Segment Start: Information provided

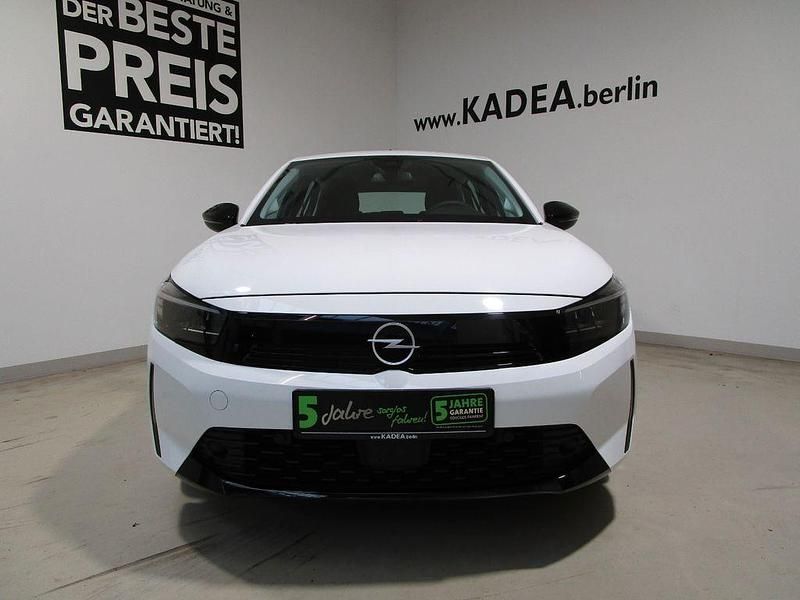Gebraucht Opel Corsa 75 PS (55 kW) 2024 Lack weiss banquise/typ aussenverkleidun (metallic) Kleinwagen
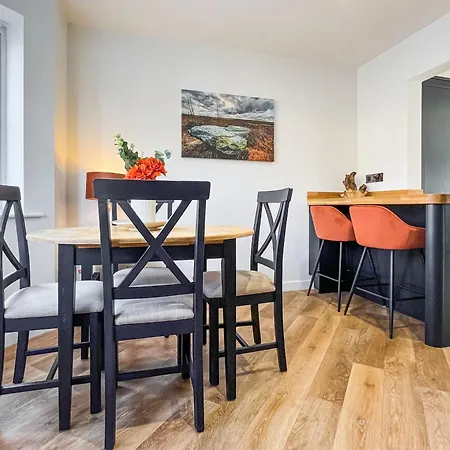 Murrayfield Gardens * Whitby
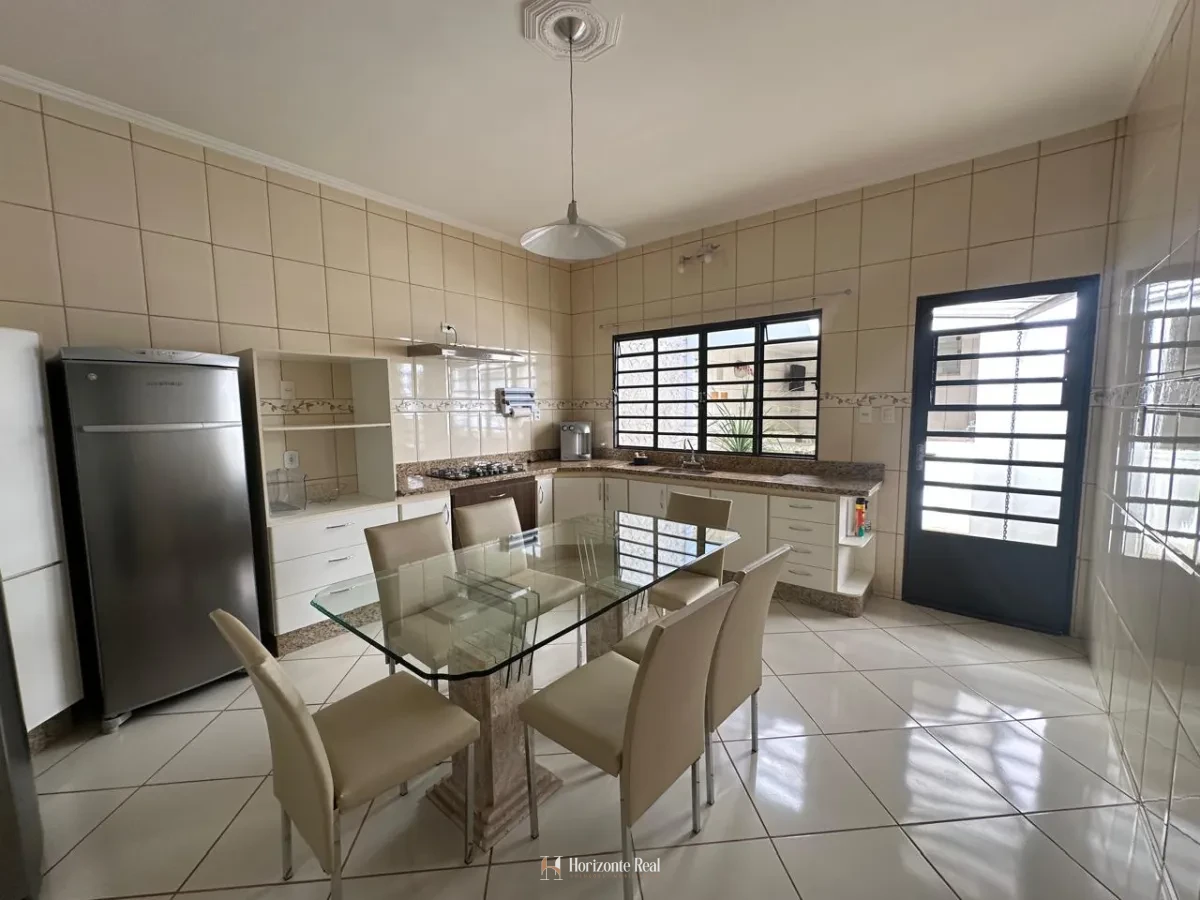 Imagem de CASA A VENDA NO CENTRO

Segment End: Information provided

What to do :: Word for word, return the material above, but drop the pictures.

Exercise response ::
Gebraucht Opel Corsa 75 PS (55 kW) 2024 Lack weiss banquise/typ aussenverkleidun (metallic) Kleinwagen
 Murrayfield Gardens * Whitby
 Imagem de CASA A VENDA NO CENTRO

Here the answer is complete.